(Reuters) - Missouri is set to execute the convicted killer of a sheriff's deputy on Tuesday over objections from his lawyers who say a sawmill accident decades ago cost him part of his brain and made him ineligible for the death penalty.
Cecil Clayton, 74, of southwest Missouri, is scheduled to die by lethal injection after 6 p.m. CDT at a Missouri state prison. He would be the second inmate executed in Missouri this year and the 10th in the country.
Police were called in November 1996 on a complaint that Clayton, who had been arguing with his girlfriend, was trespassing.

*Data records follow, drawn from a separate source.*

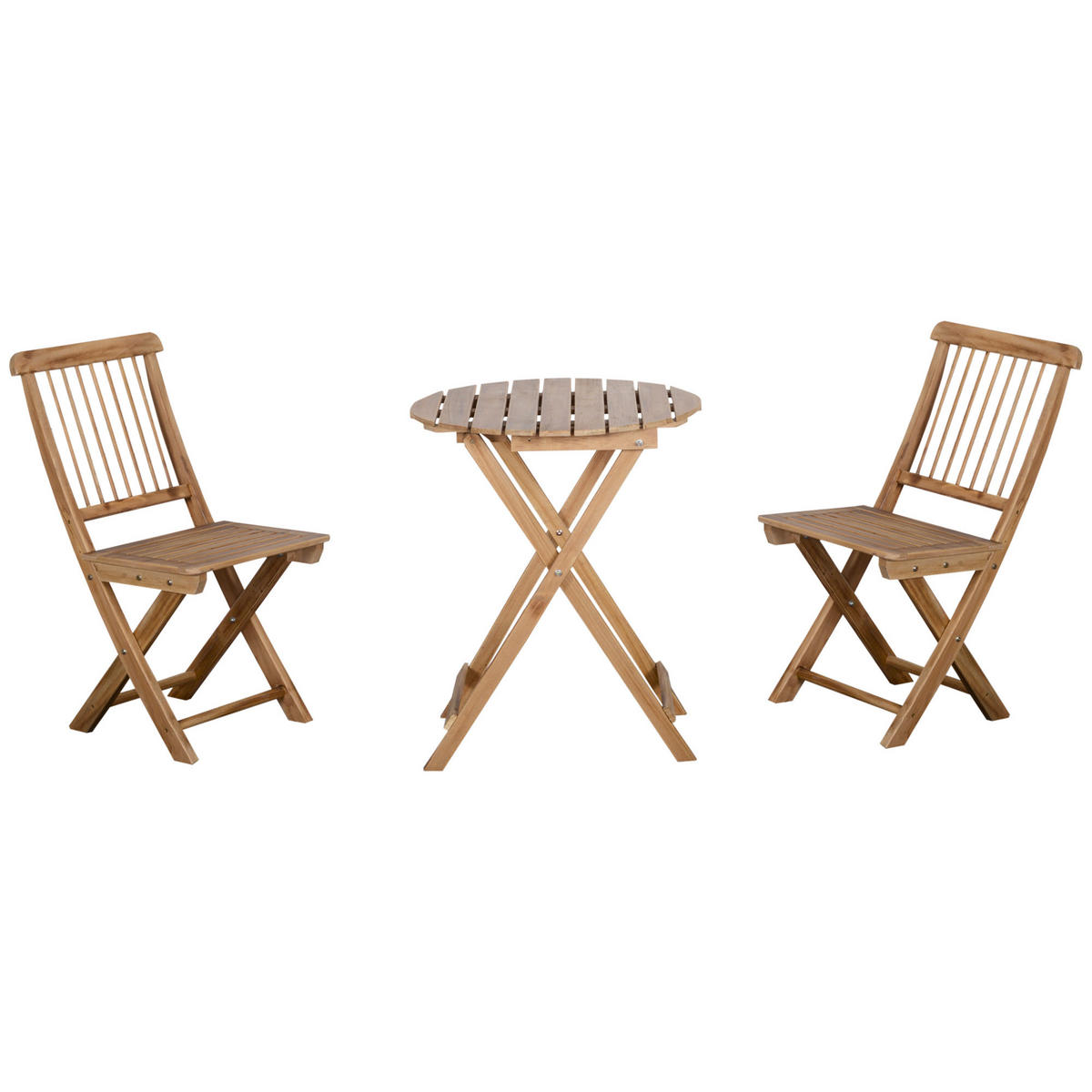 GARTENMÖBEL Set, Kiefernholz, Naturholz - Naturfarben, Holz - Outsunny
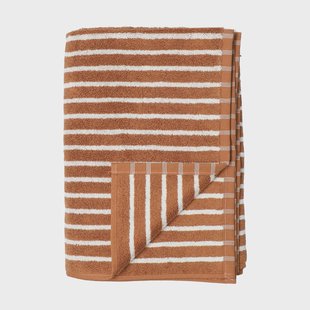 Scandi Living Drift badhanddoek 100x150 cm Bruin-wit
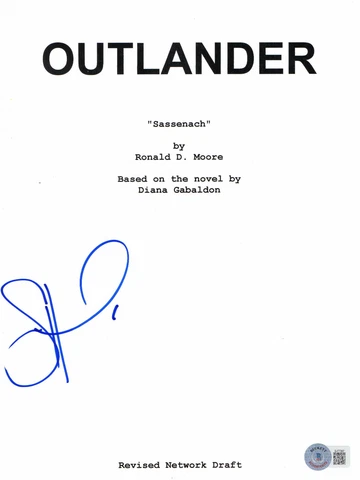 SAM HEUGHAN SIGNED AUTOGRAPH OUTLANDER FULL SCRIPT BECKETT BAS Cover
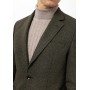 SÜVARİ Koyu Haki Slim Fit Armürlü Mono Yaka 6 Drop Ceket CT2021600339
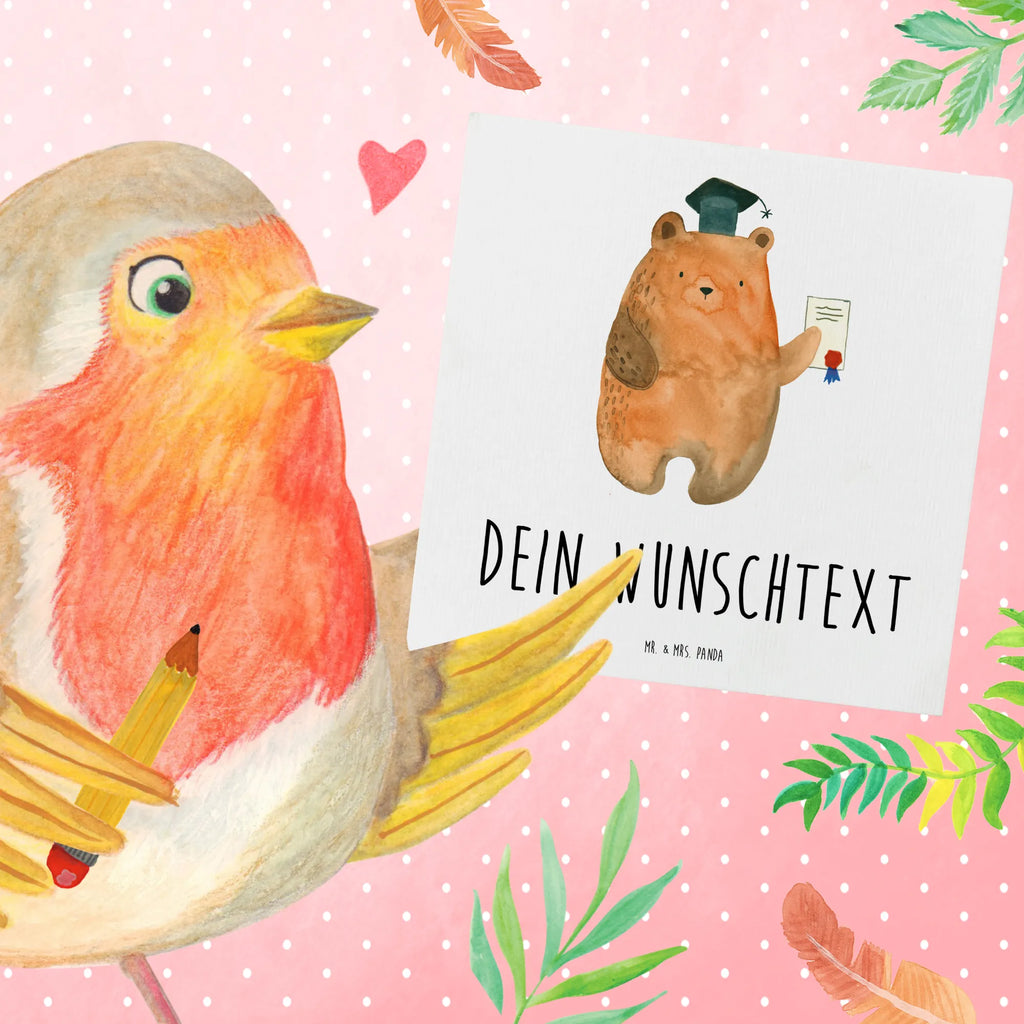 Personalized Deluxe Card bear Test Grußkarten personalisiert, Personalisiertere Klappkarte, Grußkarte mit persönlichen Nachrichten, Personalisierte Geburtstagskarte, Personalisierte Einladungskarte, Grußkarte mit Namen, Personalisierte Karte, Personalisierte Hochzeitskarte, Grußkarte als Geldgeschenk, Grußkarte selbst gestalten, Personalisierte Grußkarte, Personalisierte Glückwunschkarte, Grußkarte selber drucken, Bär, Teddy, Teddybär, Zeugnis, Abschlusszeugnis, Prüfung bestanden, Abitur, Prüfungen, Abschluss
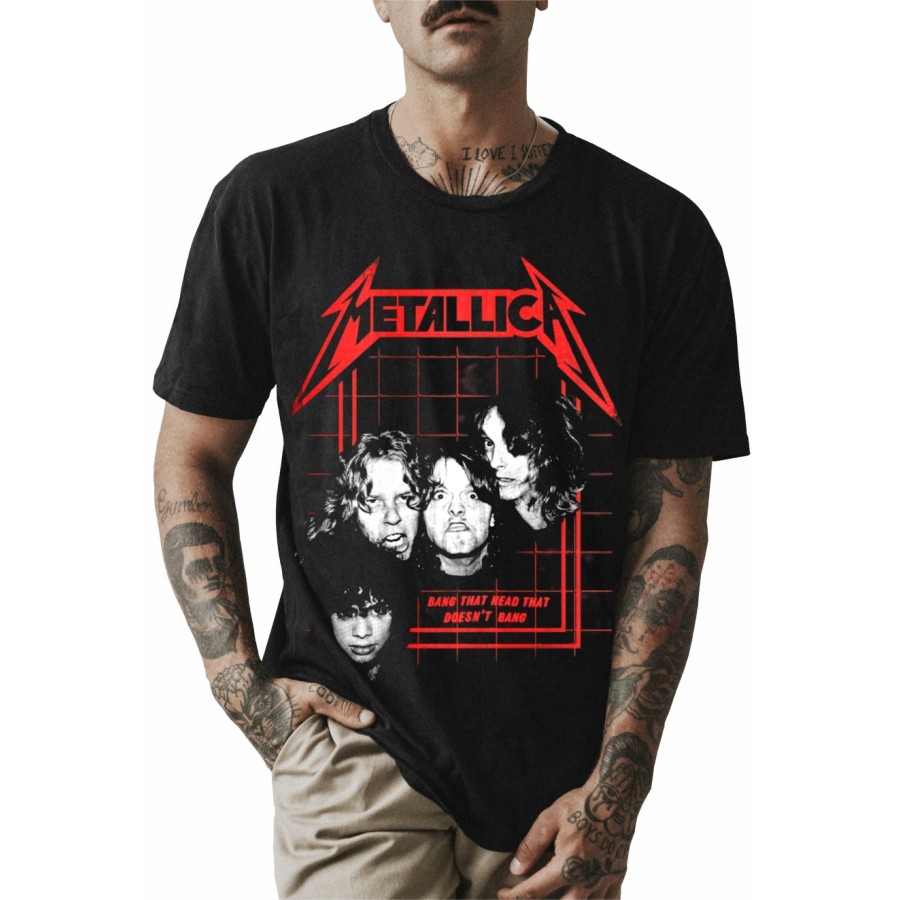 Rockwear Brasil - Camiseta Metallica 2 Rockwear Preta Rockwear Brasil - Camiseta Metallica 2 Rockwear Preta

He shot Barry County Sheriff's Deputy Christopher Castetter in the head while the officer was in his patrol car.
Clayton's attorneys have argued that his intelligence dropped precipitously after a piece of wood was driven into his skull during a sawmill accident in 1972. Surgery was required, resulting in the loss of part of his frontal lobe.
He also suffers from hallucinations and delusions due to the injury, his attorneys said in court papers.
At trial, Clayton's attorneys argued that the accident left him incapable of deliberating or forming the intent necessary for a finding of first-degree murder.
Clayton now does not believe he will be executed, but thinks God will set him free so he can travel the country preaching and singing the gospel, his attorneys said.
The Missouri Supreme Court, in a 4-3 decision, found Clayton was not intellectually disabled under state law, and denied his petition for a competency hearing.
Clayton's lawyers have appeals pending before the U.S. Supreme Court, the 8th Circuit U.S. Court of Appeals and U.S. District Court, seeking to stay his execution.
"I certainly think we have some strong reasons why the court ought to at least take another look at this case before Cecil dies," said Elizabeth Carlyle, an attorney for Clayton.